→ TASK GOAL: All the lines below need retyping exactly, apart from the images.

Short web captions
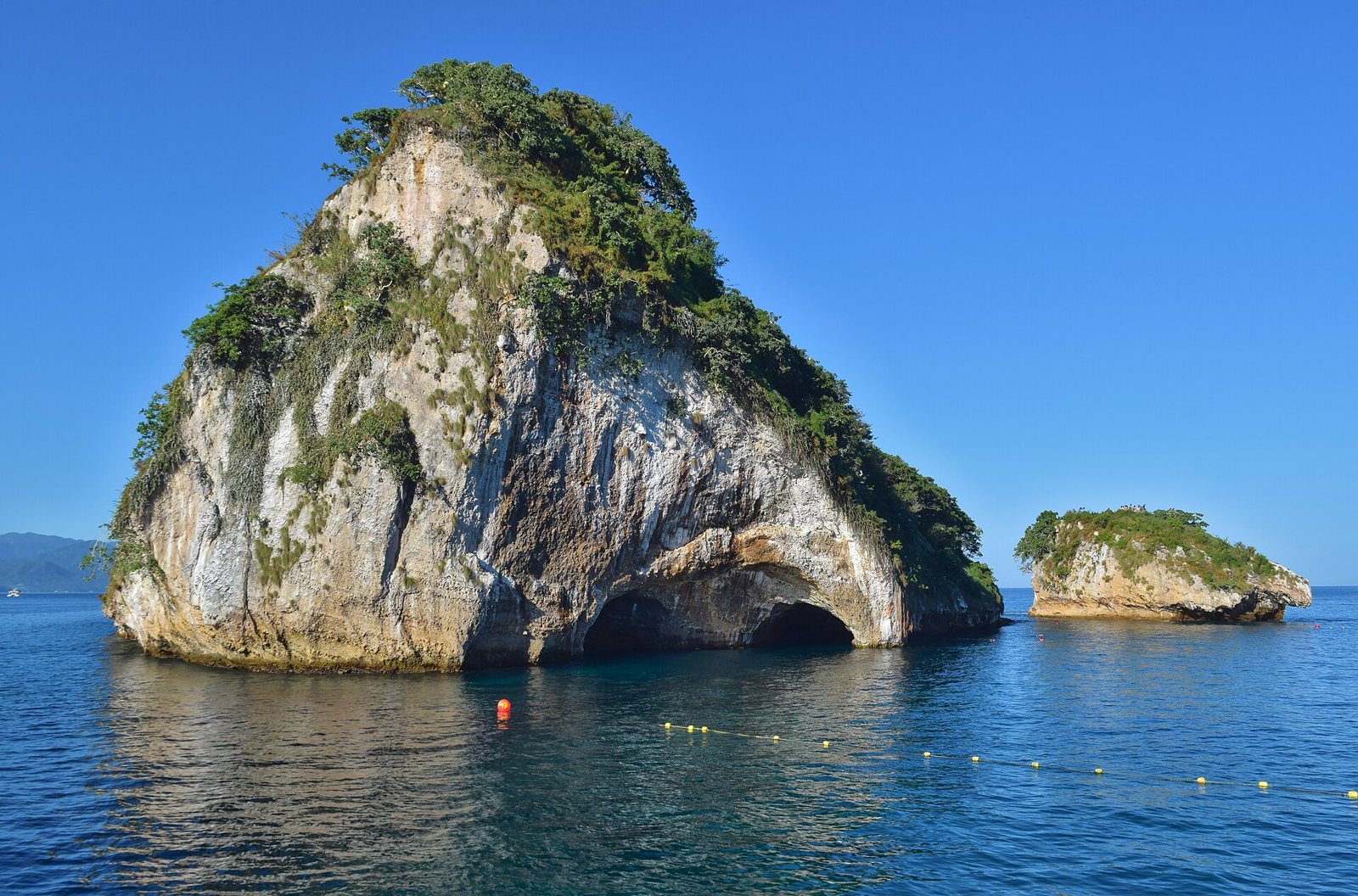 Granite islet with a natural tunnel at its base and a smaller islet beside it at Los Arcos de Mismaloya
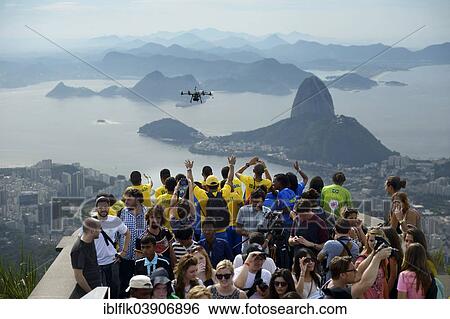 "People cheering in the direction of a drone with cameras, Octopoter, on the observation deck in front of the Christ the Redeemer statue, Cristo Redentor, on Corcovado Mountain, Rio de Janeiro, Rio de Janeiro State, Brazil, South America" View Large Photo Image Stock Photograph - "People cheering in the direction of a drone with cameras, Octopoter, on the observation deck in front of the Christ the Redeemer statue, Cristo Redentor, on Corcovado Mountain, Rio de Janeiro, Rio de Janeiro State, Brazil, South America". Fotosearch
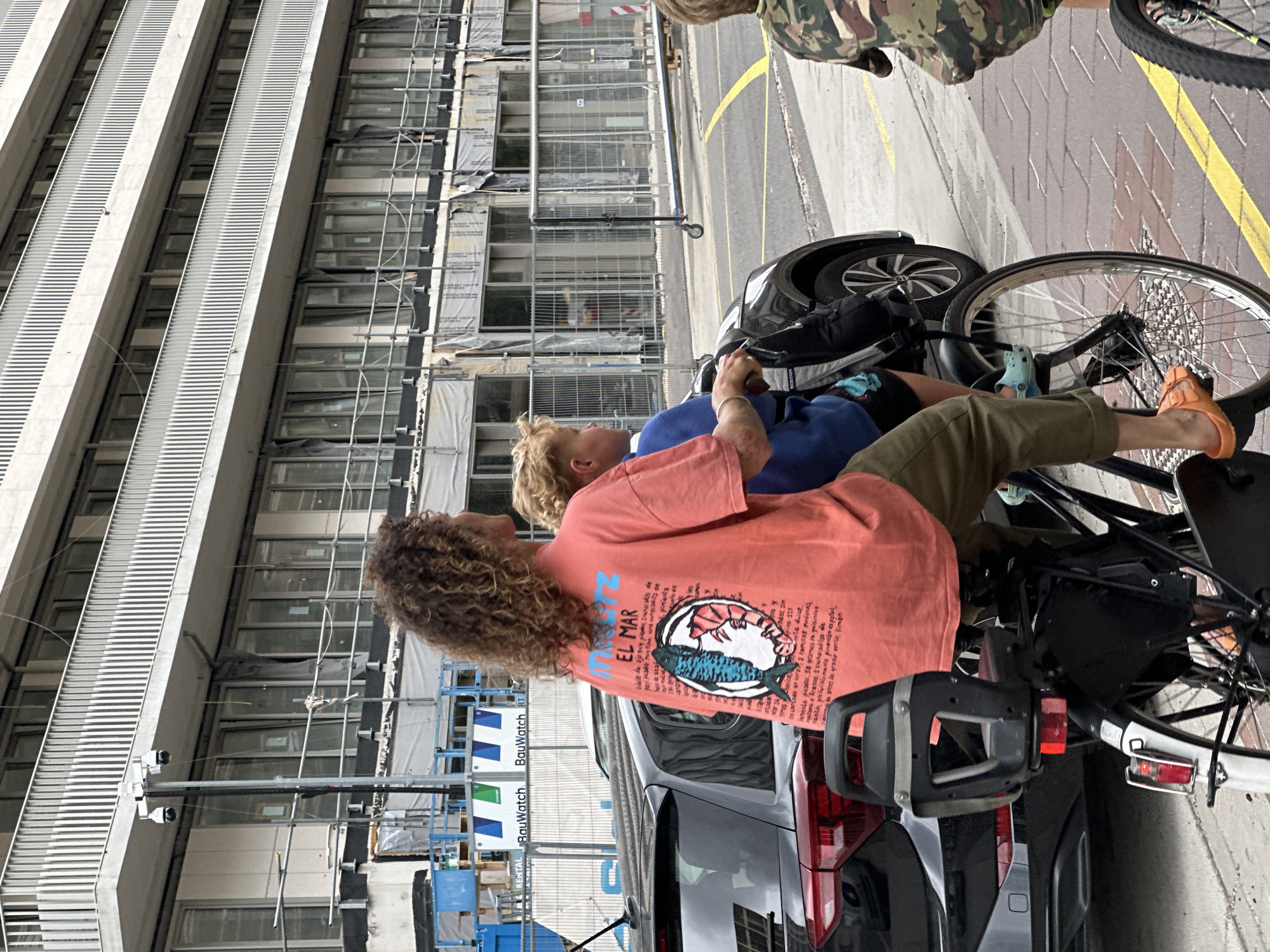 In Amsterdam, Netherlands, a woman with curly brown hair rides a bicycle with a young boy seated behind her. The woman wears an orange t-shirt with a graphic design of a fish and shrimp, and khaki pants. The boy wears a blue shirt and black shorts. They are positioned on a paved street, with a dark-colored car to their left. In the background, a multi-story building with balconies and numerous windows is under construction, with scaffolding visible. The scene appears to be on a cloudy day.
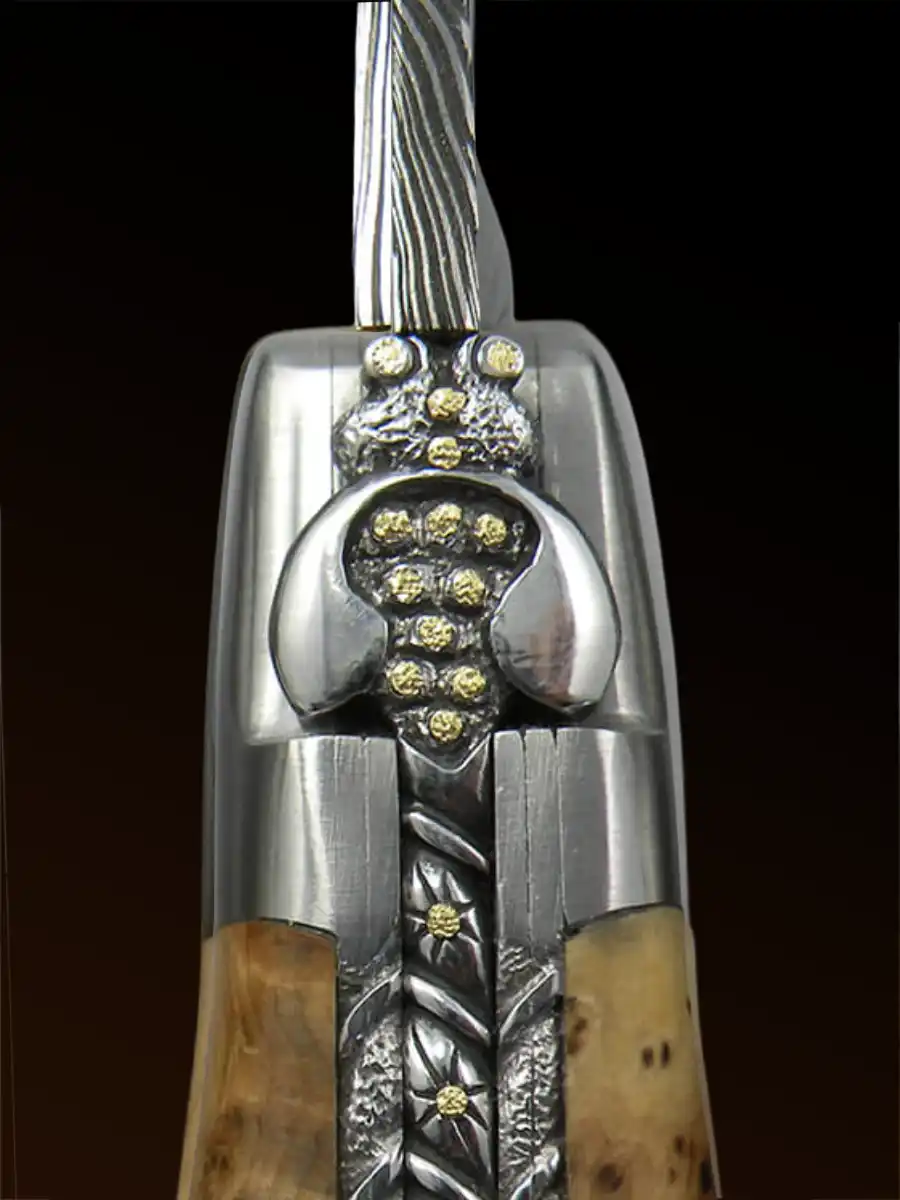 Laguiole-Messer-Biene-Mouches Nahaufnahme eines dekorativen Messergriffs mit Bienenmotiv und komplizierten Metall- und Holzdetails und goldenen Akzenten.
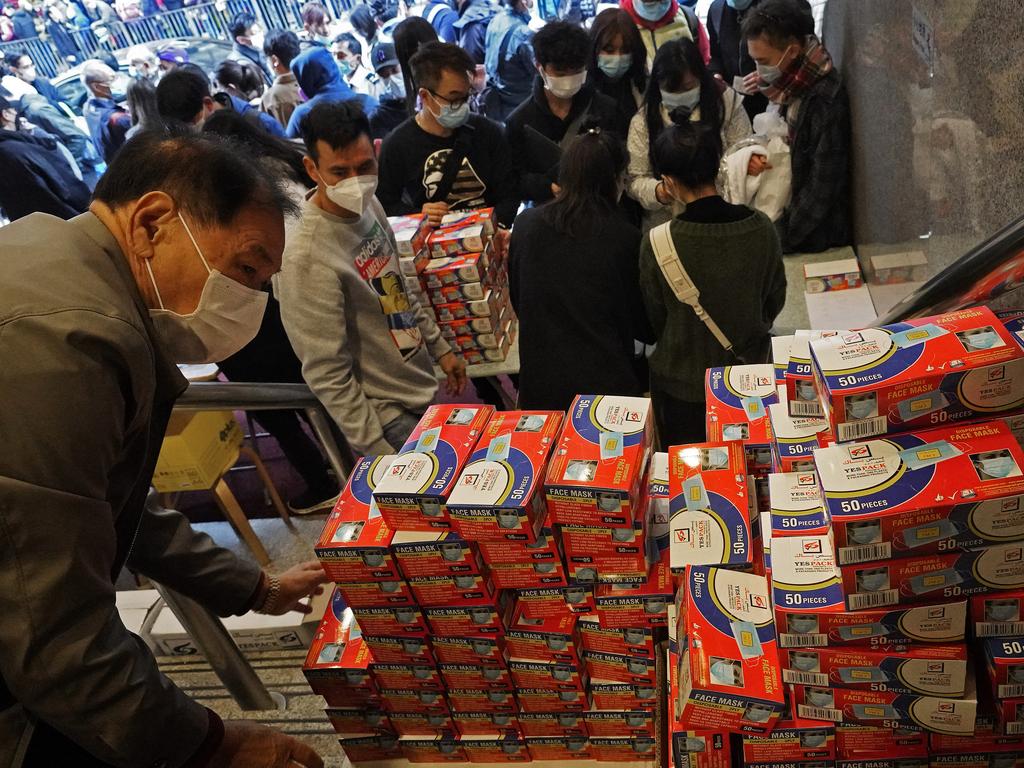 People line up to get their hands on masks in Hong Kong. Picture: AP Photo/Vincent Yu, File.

→ WORKED SOLUTION:
 Granite islet with a natural tunnel at its base and a smaller islet beside it at Los Arcos de Mismaloya
 "People cheering in the direction of a drone with cameras, Octopoter, on the observation deck in front of the Christ the Redeemer statue, Cristo Redentor, on Corcovado Mountain, Rio de Janeiro, Rio de Janeiro State, Brazil, South America" View Large Photo Image Stock Photograph - "People cheering in the direction of a drone with cameras, Octopoter, on the observation deck in front of the Christ the Redeemer statue, Cristo Redentor, on Corcovado Mountain, Rio de Janeiro, Rio de Janeiro State, Brazil, South America". Fotosearch
 In Amsterdam, Netherlands, a woman with curly brown hair rides a bicycle with a young boy seated behind her. The woman wears an orange t-shirt with a graphic design of a fish and shrimp, and khaki pants. The boy wears a blue shirt and black shorts. They are positioned on a paved street, with a dark-colored car to their left. In the background, a multi-story building with balconies and numerous windows is under construction, with scaffolding visible. The scene appears to be on a cloudy day.
 Laguiole-Messer-Biene-Mouches Nahaufnahme eines dekorativen Messergriffs mit Bienenmotiv und komplizierten Metall- und Holzdetails und goldenen Akzenten.
 People line up to get their hands on masks in Hong Kong. Picture: AP Photo/Vincent Yu, File.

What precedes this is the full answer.